This is getting daft! The 802.11g (54Mbps in the same 2.4Ghz spectrum as 802.11b) standard is not due to be ratified until May 2003. And certification against the standard is not expected until well after May. But the market can't wait and is already producing chip designs and announcing products with Buffalo leading the pack by predicting Dec 2002 deliveries. This all reminds me of the modem manufacturer wars around 1990. This also sounds the death nell for 802.11a products doesn't it?

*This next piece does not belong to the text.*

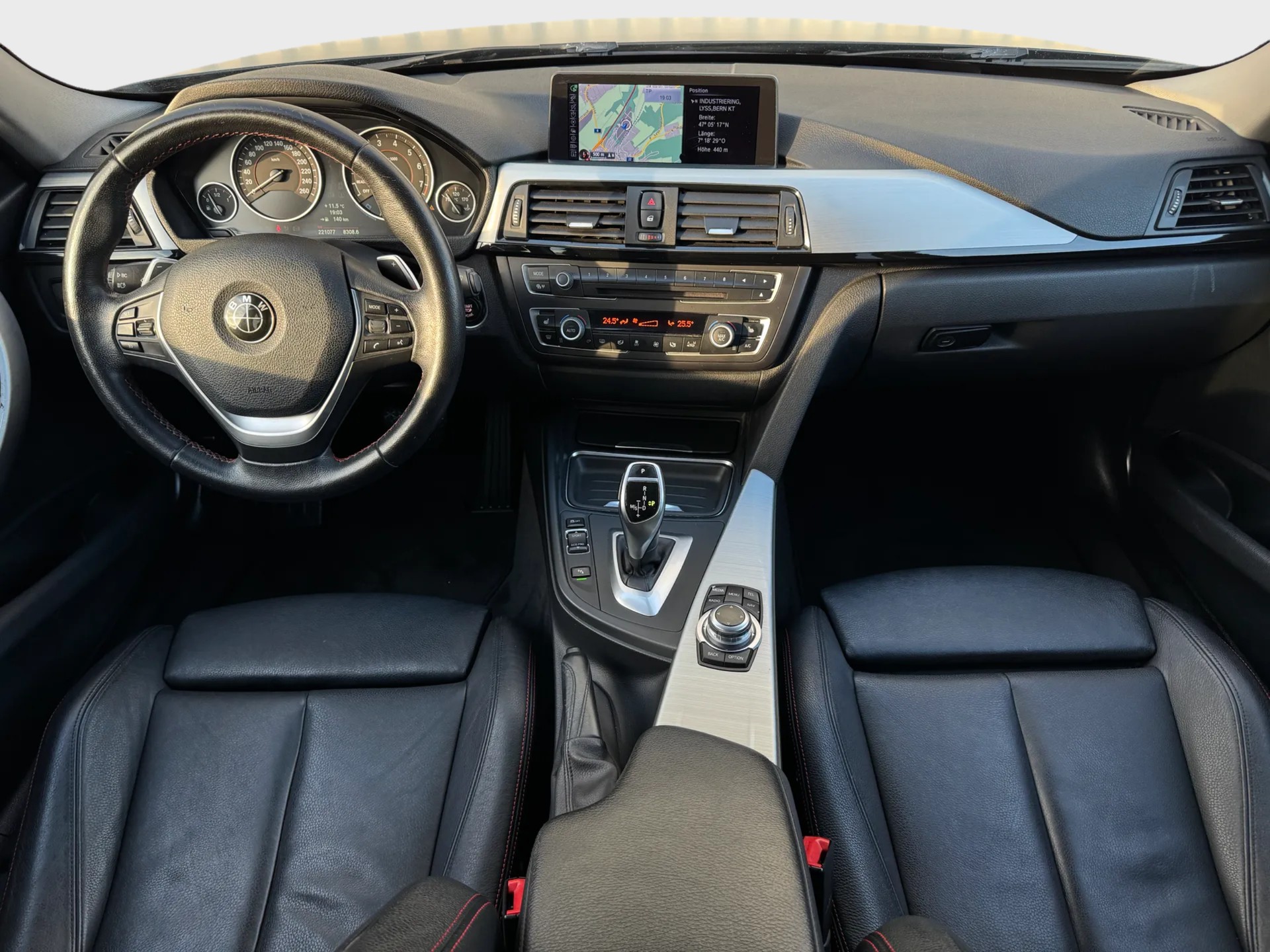 BMW 328i xDrive Sport Line-image-9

The other hazard with this is that the pent up demand will mean a very rapid price fall curve. I fully expect commodity pricing and hence the near disappearance of 802.11b designs by late next year. Which is not pretty if you're planning on spending money on hardware now. And it's particularly unpleasant if you're in the middle of rolling out a WISP hotspot solution. Can we expect T-Mobile, BT Openzone, Megabeam and others to throw out all the hardware they've just installed to repalce it with .11a or .11g hardware immediately?

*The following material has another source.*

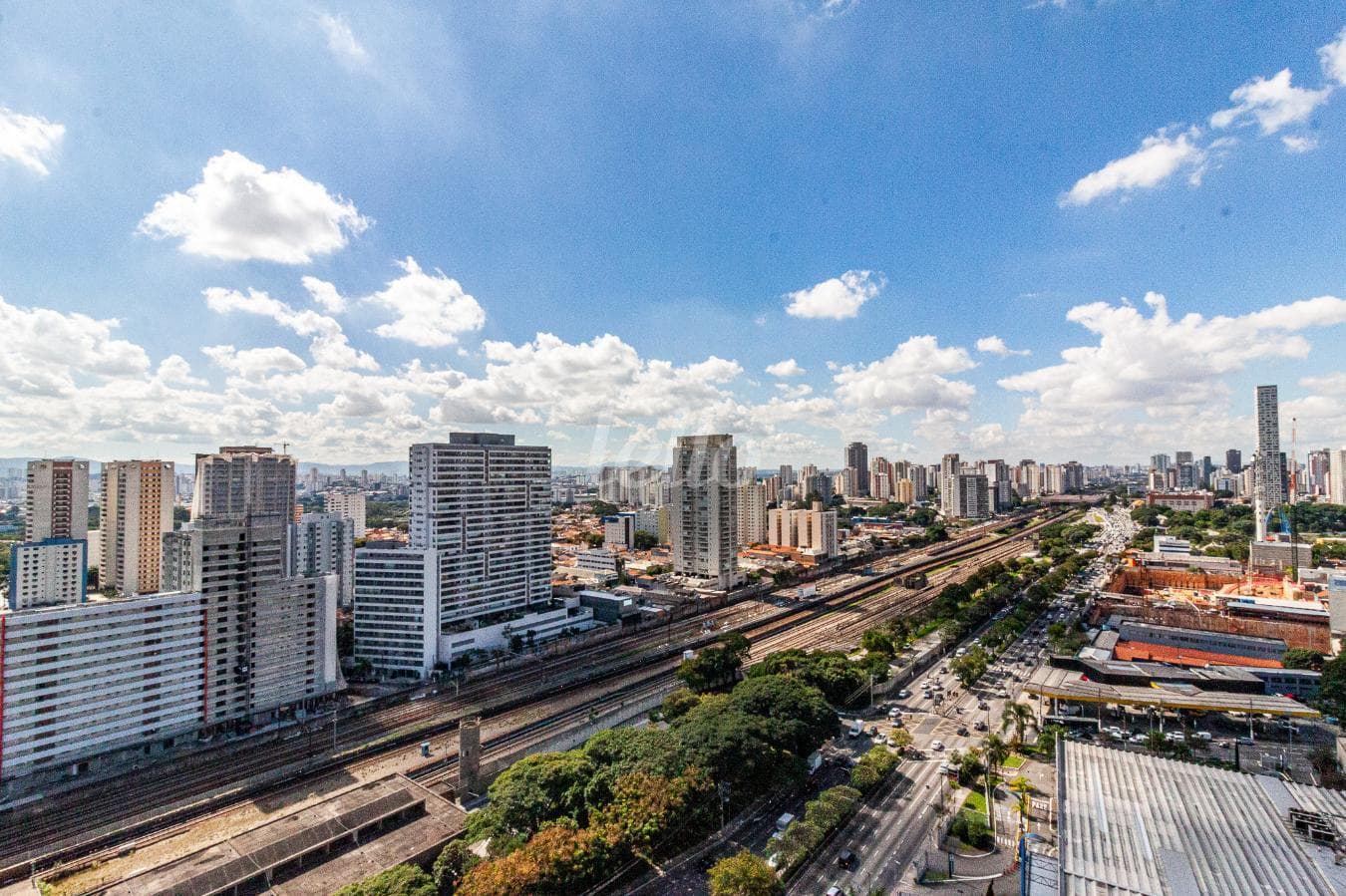SALA de Apartamento com 37 m² em Quarta Parada - São Paulo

And just to confuse all this further, Toshiba are planning 802.11a pre-installed in laptops in Dec. [from: JB Wifi]

Vodafone, Lufthansa Do WLAN Which says it all really. 55 airport lounges in Germany but with Vodaphones presence throughout Europe there's surely more to follow. [from: JB Wifi]

John Markoff's piece about WiFi in the NYTimes has been reported all over the place. But I particularly liked this tidbit. "In their candid moments everybody at the F.C.C. will tell you they are being pressured quite severely by various forces that are quite concerned about Wi-Fi," said Reed E. Hundt, a former chairman of the F.C.C. "They're worried that it is really a trenching machine that will uproot the entrenched forces." [from: JB Wifi]

Further to my rant this morning about email security and authentication, there's another catch. Lots of people use Norton Anti-virus. Unfortunately NAV doesn't understand the SMTP STARTTLS command. So if you're trying to connect to an SMTP server via SSL it kills the connection. The solution is to turn off NAV Email checking on sending email.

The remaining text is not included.